地震で躯体3、4が異なる前後方向に揺れ動くと、図8に示すように、一方のカバー部材6及び他方のカバー部材7はヒンジ部材5を支点に前後方向に回動して、地震による揺れ動きを吸収する。
[発明を実施するための異なる形態]
次に、図9乃至図11に示す本発明を実施するための異なる形態につき説明する。なお、これらの本発明を実施するための異なる形態の説明に当って、前記本発明を実施するための第1の形態と同一構成部分には同一符号を付して重複する説明を省略する。
図9乃至図11に示す本発明を実施するための第2の形態において、前記本発明を実施するための第1の形態と主に異なる点は、他端部側が開口した箱状の一方のカバー部材6Aとし、一方のカバー部材6の内部をガイド部9とするとともに、板状の他方のカバー部材7Aにした点で、このような目地カバー装置1Aにしても、前記本発明を実施するための第1の形態と同様の作用効果を得ることができる。
なお、本発明の実施形態では、押圧手段として傾斜面を他方のカバー部材に形成したが、例えば曲面状の押圧手段を形成してもよい。

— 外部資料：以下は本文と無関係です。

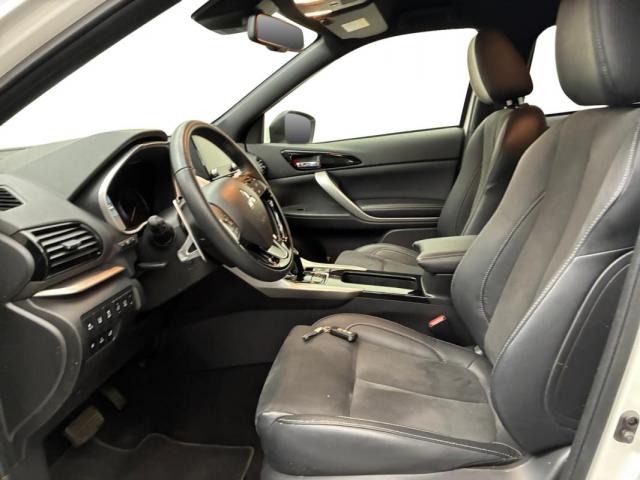 Mitsubishi Eclipse Cross image 7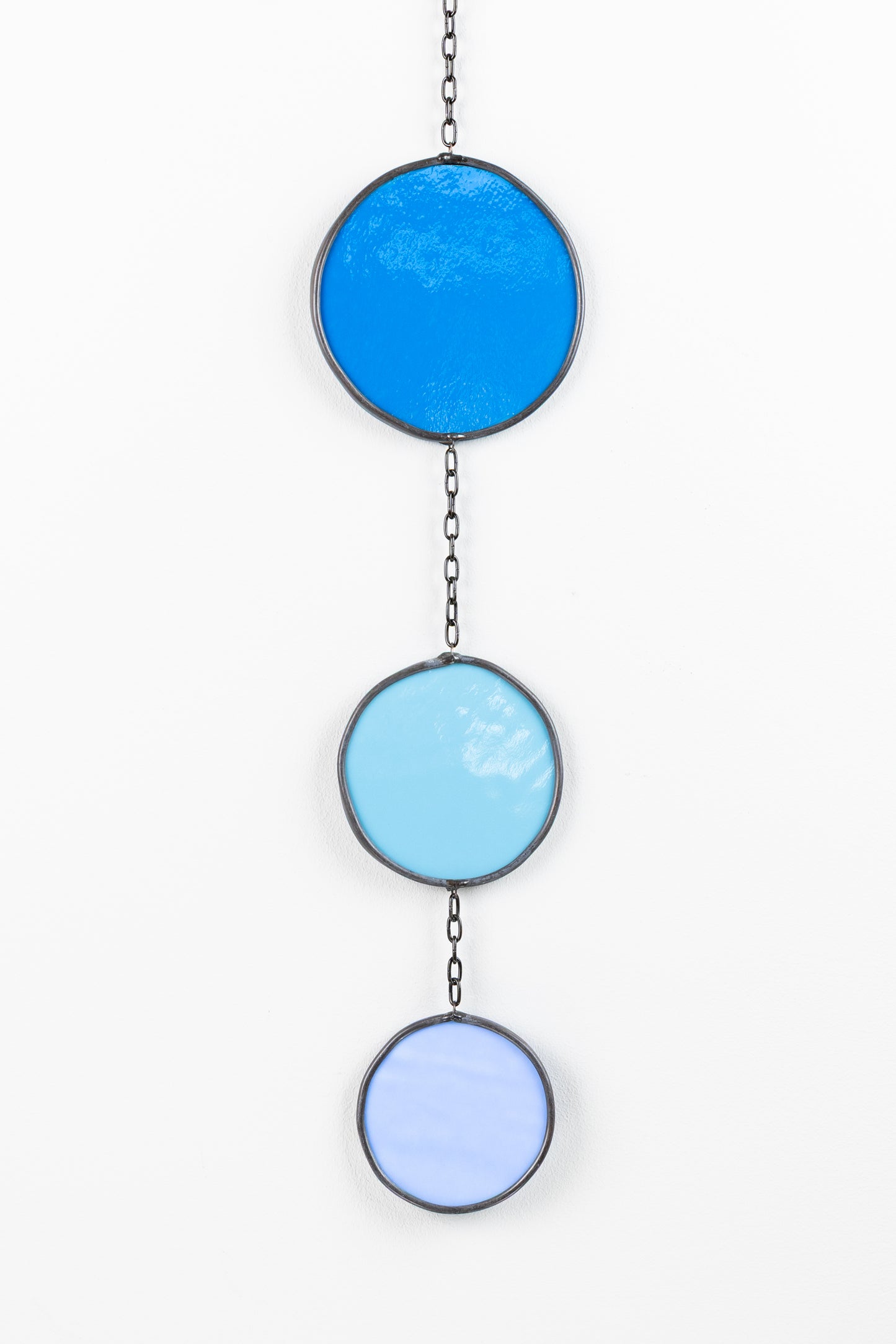 Glas in lood hanger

また、一方のカバー部材は、略溝形鋼状又は箱状に形成したが、板状の部材にレール状のガイド部を固定し、このガイド部に他方のカバー部材が挿入される構成としてもよい。
本発明は目地カバー装置を製造する産業で利用される。
1、1A:目地カバー装置、 2:目地部、
3:一方の躯体、 4:他方の躯体、
5:ヒンジ部材 6、6A:一方のカバー部材、
7、7A:他方のカバー部材、 8:押圧手段、
9:ガイド部。

Claims (3)

  1. 一方の躯体の壁面と他方の躯体の壁面との目地部を塞ぐ目地カバー装置であって、前記一方の躯体に一方側の取付け端部が前後方向に回動可能に設けられた一方のカバー部材と、前記他方の躯体に他方側の取付け端部が前後方向に回動可能に設けられ、前記他方側の突出端部側が前記一方のカバーに部材の一方側の突出端部に左右方向に摺動可能に挿入された他方のカバー部材と、前記他方のカバー部材に設けられた押圧手段とで構成され、
    前記押圧手段は、地震時、前記一方のカバー部材と前記他方のカバー部材の挿入状態が解かれ、前記両躯体が通常状態に戻る際、前記一方のカバー部材と前記他方のカバー部材が衝突した場合に、前記両方のカバー部材の少なくとも一方が前後方向に回動し、前記一方のカバー部材と前記他方のカバー部材の挿入状態を解除させるように構成される目地カバー装置。
  2. 前記押圧手段は、前記他方のカバー部材の他方側の突出端部に設けられ、前記一方のカバー部材と前記他方のカバー部材が衝突した場合に、前記両方のカバー部材の少なくとも一方が前後方向に回動するように曲面状或いは傾斜面状に形成されていることを特徴とする請求項1に記載の目地カバー装置。
  3. 前記一方のカバー部材は、断面視において略溝形鋼状に形成されていることを特徴とする請求項1又は請求項2のいずれかに記載の目地カバー装置。